The Children’s Online Privacy Protection Act (COPPA) was signed into law on October 21, 1998. COPPA prohibits unfair or deceptive acts or practices in collection, use or disclosure of personally identifiable information from or about children on the Internet. The Federal Trade Commission (FTC) issued the rule, 16 CFR Part 312, effective April 21, 2000. Please familiarize yourself with this information so you will be able to take maximum advantage of the many products and services available.

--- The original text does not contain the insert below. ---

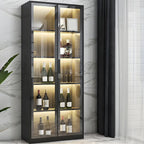 Black Wooden Glass Doors Display Cabinet with Lights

We recognize that protecting children's identities and online privacy is important and that responsibility rests with us and with parents. The personally identifiable information we collect will not be not shared or sold to third parties for any reason. Occasionally we may collect personally identifiable information from children for the purpose of contest notification, survey feedback and online communication. We do not collect any more information than is reasonably necessary for a child to participate in an activity as a condition of participation. This information is collected directly from the child and may include name, e-mail address, home address, telephone number, hobbies, or opinions. Reasonable efforts, such as letters, calls or e-mail confirmations are used to gain parental consent or notification when we communicate to children. VCCU does not disclose any of the above information to any third parties.

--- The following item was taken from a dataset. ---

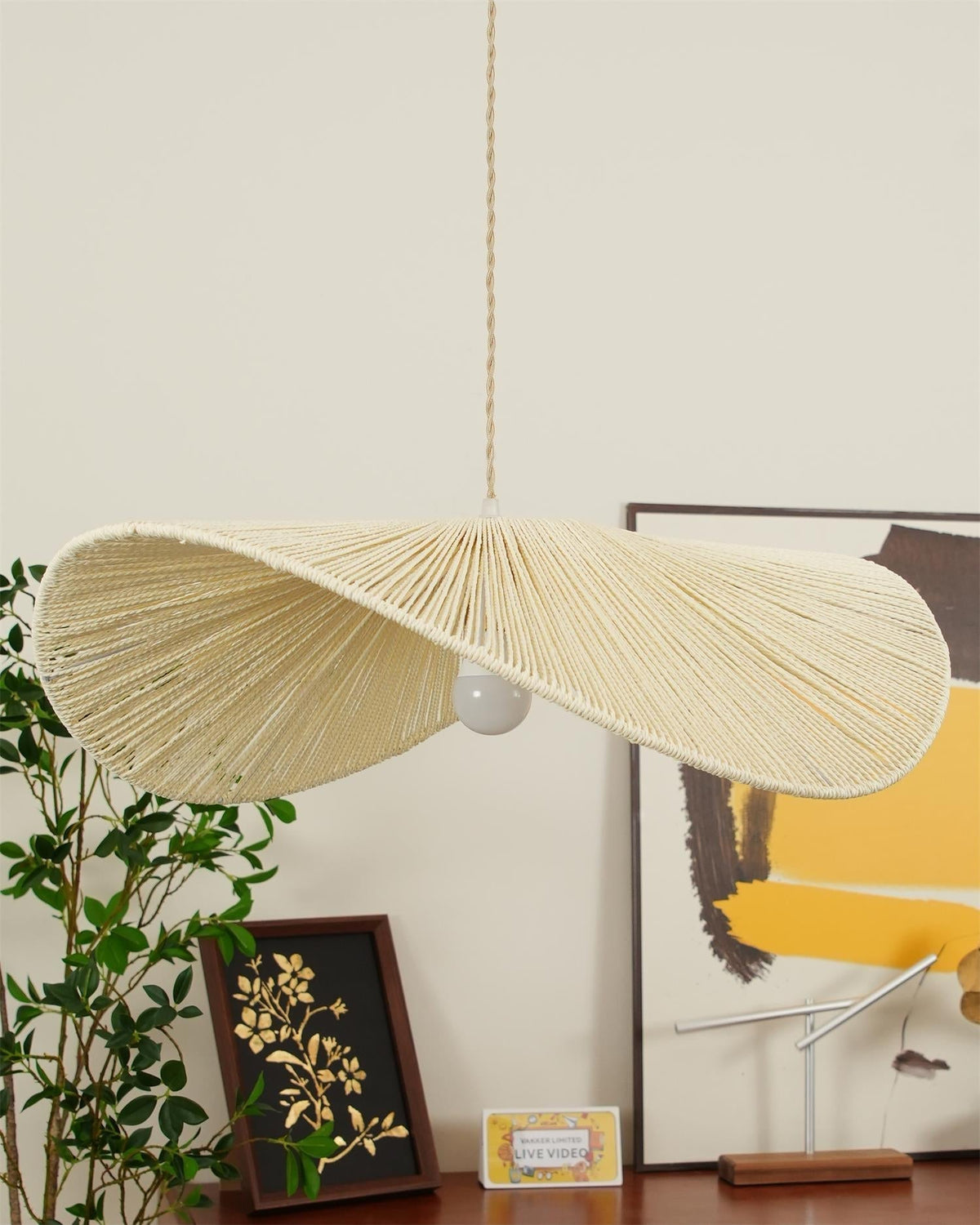 Solara Handwoven Natural Rattan Pendant Light-Neutral Decor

Parents may at any time request to review the child's personal information, ask to have it deleted and refuse to allow any further collection or use of the child's information. For such requests, e-mail cumarketing@vccuonline.net, call 800.339.0496 or write to: Marketing, VCCU, 2575 Vista Del Mar Drive, Ventura, CA 93001.

 

Online Safety Basics

Here are some basics to keep in mind when your children are online.

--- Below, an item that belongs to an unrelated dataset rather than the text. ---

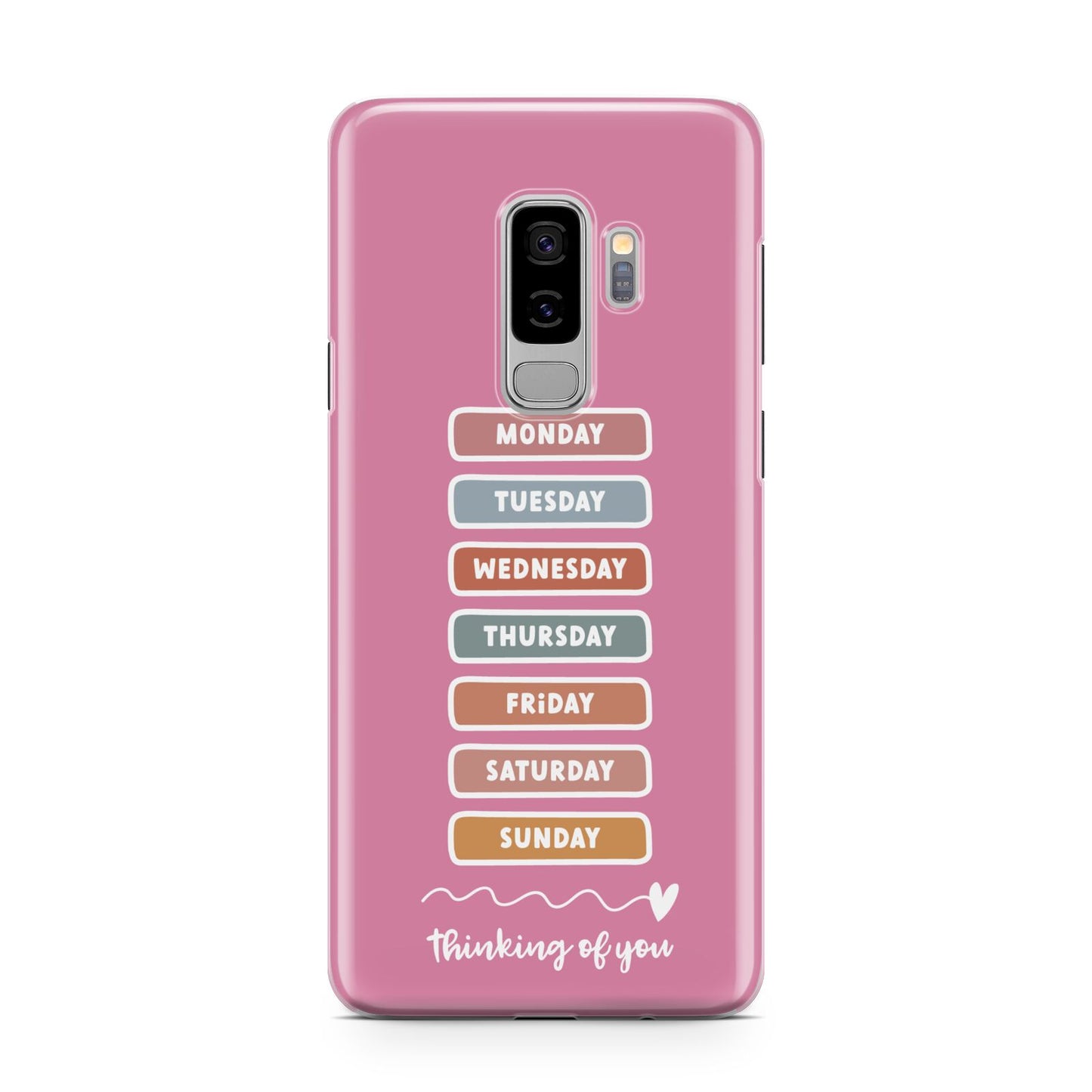 Thinking of You Samsung Galaxy S9 Plus Case on Silver phone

  • Use the parental controls available on the commercial online services. These services screen public content and provide online hosts to monitor chat rooms. Check into filtering software to screen out adult sites on the Web.
  • Consider placing the computer in a "family room" in your home and make use of the Internet a family activity. Check the screen periodically and let your children know that you are interested in what they are learning online.
  • Ask your children where they go online, and have them show you. If your children are more familiar with the Internet than you are, let them teach you about it, you will both enjoy the lesson!
  • Monitor online time. Be aware of excessive hours on the Internet.
  • Make sure your children are aware of online rules. They should know never to give out their real name, address and/or telephone number, or agree to meet with someone person to person. Advise your children that some people on the Internet conceal their real age and identity. Create a list of online rules and post them by the computer.
  • Monitor your telephone bill. Adult Bulletin Board Systems are easy to access by any communications software. Check out any unfamiliar numbers on your bill.
  • Support and encourage your child's use of the Internet, and participate in new learning experiences. Acquaint yourself with their online pals and e-mail habits. Be aware of correspondence with strangers.

Parent/Child Agreement

  • I will tell my parents right away if I come across any information that makes me feel uncomfortable.
  • I will not give out my address, telephone number, or the name and location of my school without my parent's permission.
  • I will never agree to get together with someone I "meet" online without first checking with my parents. If my parents agree to the meeting, I will be sure that it is in a public place and bring a parent along.
  • If I get a message that is mean, or makes me feel uncomfortable, I will not respond. I will log off and tell my parents. It is not my fault if I get a message like that.